Wrocław. Z pistoletem na innego kierowcę. 61‑latek w rękach policji
Agresja wśród kierowców to problem znany od dawna. Do niebezpiecznego zdarzenia doszło na ul. Brucknera we Wrocławiu, gdzie jeden ze zmotoryzowanych zaczął grozić drugiemu kierowcy pistoletem. Jak się okazało, była to tylko atrapa. Jednak 61-latek został zatrzymany.
12.12.2020 | aktual.: 02.03.2022 20:13
Policja od dawna apeluje o zachowanie większej kultury podczas jazdy po polskich drogach, ale sytuacja wcale nie idzie ku lepszemu. Zwłaszcza w godzinach szczytu, przy tworzących się korkach, możemy być świadkami wielu nerwowych reakcji. Pukanie się w głowę, sięganie po klakson lub grożenie pięścią stały się standardem.
Czasem dochodzi do znacznie groźniejszych zajść, czego dowodem mogą być wydarzenia z ul. Brucknera we Wrocławiu.
Wrocław. Z pistoletem na innego kierowcę. Okazało się, że to atrapa
Jeden z kierowców zgłosił na policję, że między nim a drugim uczestnikiem ruchu doszło do awantury, spowodowanej drogowym manewrem wykonanym przez zgłaszającego. Jednak w tym przypadku sprzeczka nie zakończyła się wykonaniem gestów przez szybę auta, tylko przeniosła się na jedno ze skrzyżowań.

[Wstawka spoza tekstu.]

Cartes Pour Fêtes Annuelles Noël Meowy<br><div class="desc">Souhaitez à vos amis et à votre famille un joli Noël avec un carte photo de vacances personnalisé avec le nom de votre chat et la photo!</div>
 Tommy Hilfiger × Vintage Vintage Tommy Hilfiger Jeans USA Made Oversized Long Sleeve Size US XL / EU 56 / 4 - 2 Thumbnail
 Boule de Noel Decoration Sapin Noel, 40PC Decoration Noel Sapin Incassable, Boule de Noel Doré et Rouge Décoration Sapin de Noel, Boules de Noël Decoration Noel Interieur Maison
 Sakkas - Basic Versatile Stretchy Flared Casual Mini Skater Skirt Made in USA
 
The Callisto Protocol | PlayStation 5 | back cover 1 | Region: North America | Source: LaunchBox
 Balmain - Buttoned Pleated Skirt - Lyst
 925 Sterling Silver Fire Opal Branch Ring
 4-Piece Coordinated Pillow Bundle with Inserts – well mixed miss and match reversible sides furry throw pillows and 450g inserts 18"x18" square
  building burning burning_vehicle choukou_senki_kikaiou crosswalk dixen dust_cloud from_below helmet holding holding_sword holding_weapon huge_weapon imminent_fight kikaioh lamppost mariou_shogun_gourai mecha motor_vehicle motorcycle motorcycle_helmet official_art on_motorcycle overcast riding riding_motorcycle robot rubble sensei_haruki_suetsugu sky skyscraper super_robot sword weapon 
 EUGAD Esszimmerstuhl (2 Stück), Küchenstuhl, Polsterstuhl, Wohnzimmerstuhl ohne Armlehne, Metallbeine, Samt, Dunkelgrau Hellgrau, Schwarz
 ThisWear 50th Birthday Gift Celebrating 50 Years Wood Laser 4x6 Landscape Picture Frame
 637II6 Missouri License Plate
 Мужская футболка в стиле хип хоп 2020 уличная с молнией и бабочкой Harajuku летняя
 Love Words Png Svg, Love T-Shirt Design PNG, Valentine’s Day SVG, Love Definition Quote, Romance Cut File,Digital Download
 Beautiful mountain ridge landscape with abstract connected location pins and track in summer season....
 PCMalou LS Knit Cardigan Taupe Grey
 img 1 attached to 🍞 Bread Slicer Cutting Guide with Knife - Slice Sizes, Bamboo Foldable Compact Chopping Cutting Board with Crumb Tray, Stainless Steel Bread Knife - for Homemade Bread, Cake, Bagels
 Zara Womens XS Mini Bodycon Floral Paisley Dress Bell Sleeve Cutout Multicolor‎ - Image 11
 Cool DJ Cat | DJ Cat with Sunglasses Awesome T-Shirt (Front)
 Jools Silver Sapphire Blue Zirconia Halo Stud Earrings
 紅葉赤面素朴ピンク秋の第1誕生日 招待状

Obaj kierowcy zatrzymali się chwilę po niebezpiecznym manewrze, aby skomentować i wyjaśnić sobie całe zajście. Wtedy doszło do niespodziewanego obrotu akcji.
- Spotkanie nie polegało na rzeczowej wymianie argumentów, tylko na słownej agresji obydwu kierowców. W pewnym momencie mężczyzna siedzący za kierownicą Mercedesa wyciągnął przedmiot przypominający broń, co wzbudziło obawę o życie i zdrowie, u drugiego z kierowców - informuje sierż. szt. Krzysztof Marcjan z wrocławskiej policji.
Funkcjonariusze, poinformowani o tym zajściu, przystąpi do działań mających na celu ustalenie tożsamości agresywnego kierowcy. Jeszcze tego samego dnia udało im się namierzyć 61-latka na parkingu jednego z centrów handlowych. W jego pojeździe znaleźli replikę pistoletu wraz z dedykowaną kaburą. Przedmiot został zabezpieczony, a mężczyzna trafił do policyjnego aresztu.
Agresywny kierowca został doprowadzony do prokuratury i usłyszał zarzut kierowania gróźb karalnych.
- Jednak całkiem prawdopodobne jest to, że konsekwencje całego zdarzenia odczują obaj mężczyźni. Z zebranych na tę chwilę materiałów wynika, że zarówno 61-latek oraz 40-latek nie stosowali się do przepisów ruchu drogowego, popełniając liczne wykroczenia i doprowadzając do niebezpiecznych sytuacji na drodze - dodaje sierż. szt. Marcjan.